Adıyaman Gölbaşı’nda ilk defa perkütan nefrostomi takıldı Adıyaman’ın Gölbaşı ilçesinde bir hastanın iki böbreğine perkütan nefrostomi takıldı. Adıyaman’ın Gölbaşı İlçe Devlet Hastanesi’nde mesane tümörü olan ve tıkanıklığa bağlı böbreklerinde çift taraflı hidronefrozu (genişleme-şişme) olan hastanın, böbrek yetmezliğine girerek böbreklerini kaybetmemesi ve diyaliz hastası olmasının önlenmesi için iki böbreğine de perkütan nefrostomi takıldı. Başarılı geçen operasyon sonrası hastanın böbrek değerleri normale dönerek, böbrek yetmezliği gelişiminin önüne geçildi. Gölbaşı Devlet Hastanesi’nde ilk defa gerçekleştirilen, genellikle üniversite hastaneleri ya da eğitim araştırma hastanelerinde uygulanan bu özellikli ve detaylı işlemin başında Radyoloji Uzmanı Dr. Zekai Emre Sevgilioğlu ve Üroloji Uzmanı Dr. Osman Coşkun yer aldı. Operasyon sonrası değerlendirmede bulunan Radyoloji Uzmanı Dr.
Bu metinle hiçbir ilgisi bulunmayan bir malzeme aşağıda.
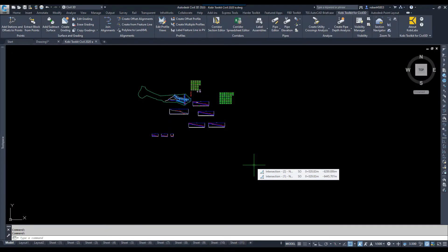Welcome to this short video on Edit Profile Views, which is a new tool which is part of our Kobi Toolkit for Civil 3D.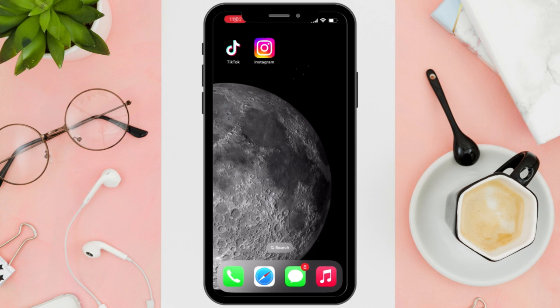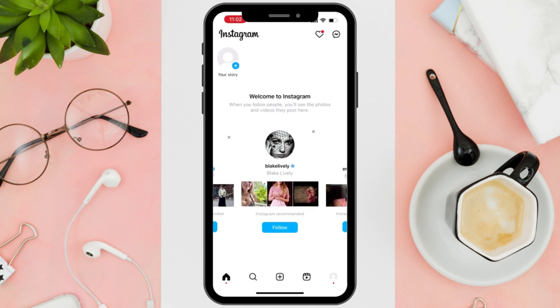Hi everyone, in this video I will show you how to use saved audio on an Instagram story. First things first, open your Instagram app on your mobile device.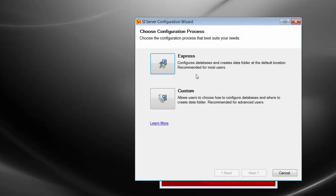There are two options here for configuring the server: Express and Custom. This video will cover the Express, which will install SQL Server 2012 Express and will also create the default folders for storing projects and data on your SI server. If you want choices over where you store the files, or if you want to install a full version of SQL, you would run the custom configuration. We're going to go ahead and run Express.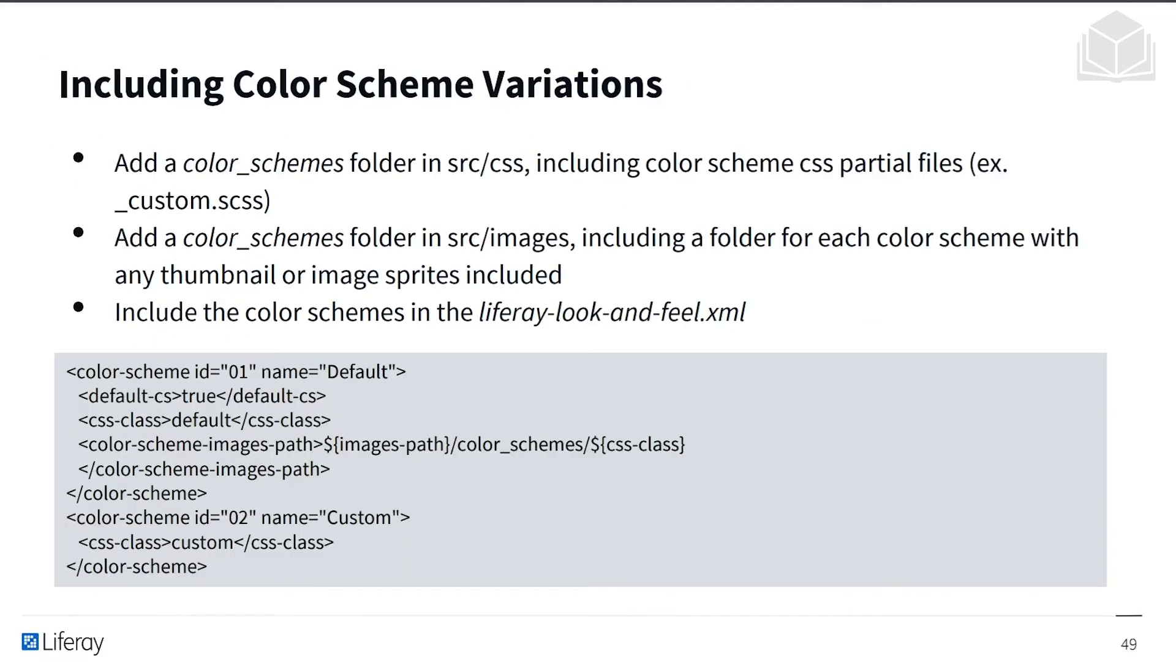We can also include color scheme variations. So to add and include color scheme variations, you'll have to add a color schemes folder in the source CSS directory, including color scheme CSS partials, such as custom CSS.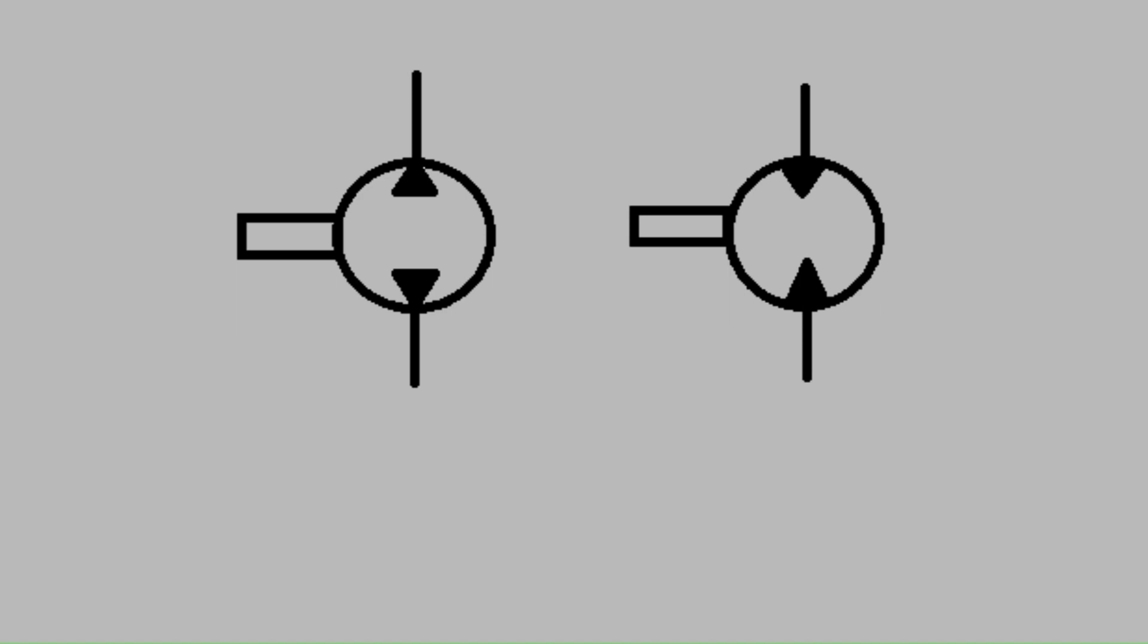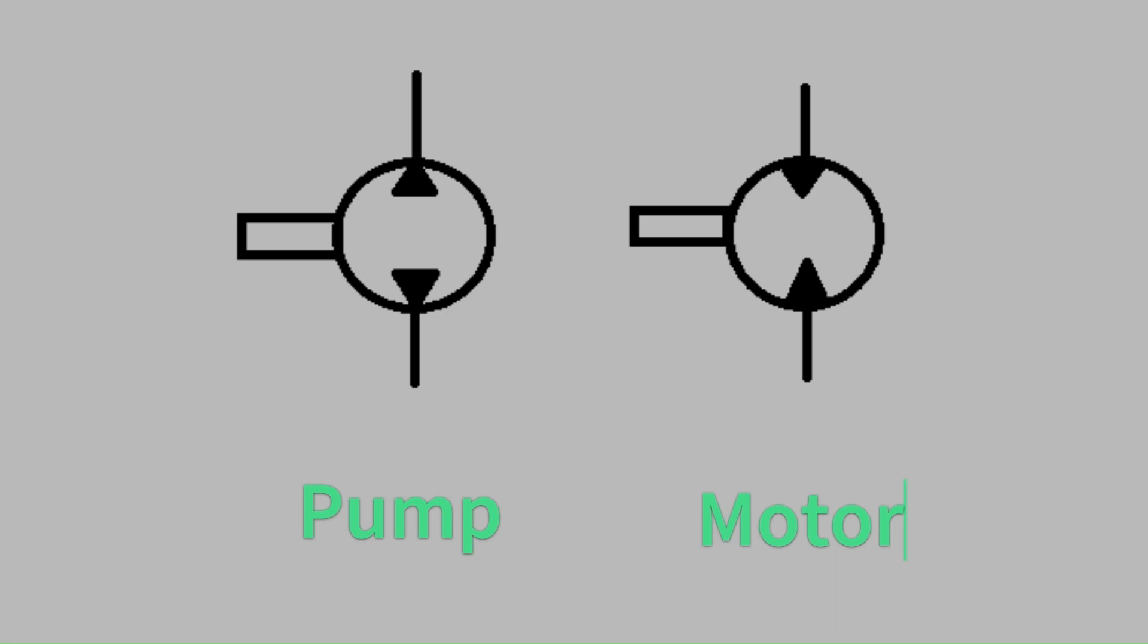The final indicator of whether this is a pump or motor is the arrows. In hydraulic schematics arrows indicate the direction of flow. Conceptually a pump pushes out flow and a motor receives flow. So the arrows on a pump point outward and the arrows on a motor point inward.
Zekai Emre Sevgilioğlu ve Üroloji Uzmanı Osman Coşkun, “Hastanemize başvuran ve yapılan kontrolleri sonrasında mesane tümörü nedeniyle her iki böbreğinde hidronefroz gelişen, böbreklerini kaybetme riski bulunan hastanın yapılan kontroller sonrasında kaybedecek zamanı olmadığı göz önüne alındığında hızlıca operasyonu planladık. Görüntüleme cihazları rehberliğinde her iki böbreğin cilt yoluyla drenajını sağlayacak sistemi birlikte başarıyla yerleştirdik” ifadelerini kullandı.